Ameeriar, an assistant professor whose research focuses on Muslim women, especially from Pakistan, who immigrate to Britain or Canada, is a 2016-17 fellow at Princeton’s Institute for Advanced Study. Pandya, a lecturer at UCSB and a scholar and fiction writer focused on South Asians and South Asians in America, has been named the 2017 PEN/Civitella Fellow, an honor bestowed on only one writer every two years.

“Asian American Studies at UCSB is a remarkable department of socially engaged and intellectually dedicated scholars,” said Lisa Sun-Hee Park, department chair and professor. “While our department is relatively small in number of faculty, each of us is dedicated to contributing meaningful work that resonates across disciplines and communities. These prestigious awards reflect not only the extraordinary quality of scholarship but also the urgency of the subject matters and the devotion with which Professors Pandya and Ameeriar approach their work. We are so pleased that our colleagues were recognized for their contributions, and my goal as chair is to help foster a generous and supportive intellectual environment in which every faculty member can produce their best work.”  

Ameeriar currently is in the middle of her yearlong stay at the Institute for Advanced Study, Albert Einstein’s academic home from 1933 until his death in 1955.

“I’m working on the relationship between human rights, women’s rights and humanitarianism through the case of forced marriage and so-called honor-based violence and honor killings within predominantly Muslim communities in the United Kingdom,” Ameeriar said. “I’m interested in a 2014 law that made forced marriage a crime and punishable up to seven years in prison. While legislation has come into effect, it has not been very effective with only one successfully prosecuted case. I’m exploring how and why this is the case.”
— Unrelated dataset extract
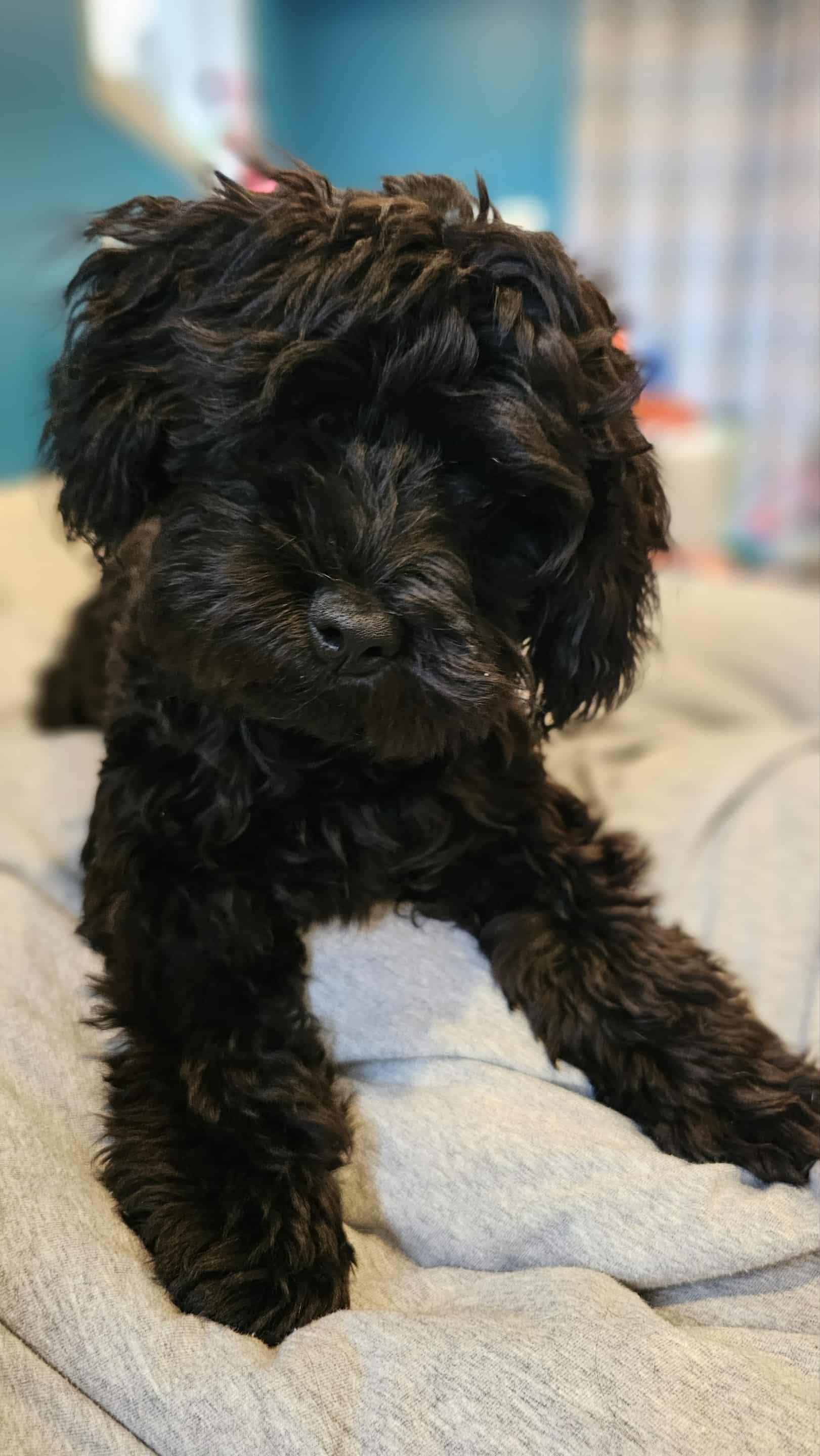 Enlarge Tony, a Adopted mixed breed in Appin, ON image 2/3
Ameeriar, who completed her Ph.D. in anthropology at Stanford University, is the author of “Downwardly Global: Women, Work and Citizenship in the Pakistani Diaspora” forthcoming in 2017 from Duke University Press.
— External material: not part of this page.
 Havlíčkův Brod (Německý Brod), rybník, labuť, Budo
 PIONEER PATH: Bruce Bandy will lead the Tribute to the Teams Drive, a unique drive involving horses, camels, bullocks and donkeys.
“My work is interdisciplinary and engages with transnational feminism, critical race theory, human rights, gender and sexuality studies, with particular emphasis on transnational Muslim cultures,” she said. “This book project stems from my earlier work on the transnational labor migration of Pakistani Muslim diasporic communities in Toronto and the politics of unemployment.”

Pandya earned his Ph.D. from Stanford’s Program of Modern Thought and Literature. A fiction writer and a scholar of literature and sport, he is the author of “The Blind Writer: Stories and a Novella” (University of Hawaii Press, 2015). The book was a finalist for the 2016 PEN Open Book Award.

As the 2017 PEN/Civitella Fellow, Pandya earns a six-week stay next year in the Civitella Ranieri Foundation’s 15th century castle in Umbria. Past Civitella Ranieri Foundation fellows include novelists Gary Shteyngart, Monique Truong and Rachel Kushner.

“I will continue work on a novel set in colonial India about the deep, ongoing effects of violence and terror that I have been writing about for the past several years,” Pandya said. “I’m really looking forward to long days in rural Italy to dig deep into the emotional life of the book and the characters. I will also take the opportunity to refresh, to read and to be in conversation with writers and artists from around the world.”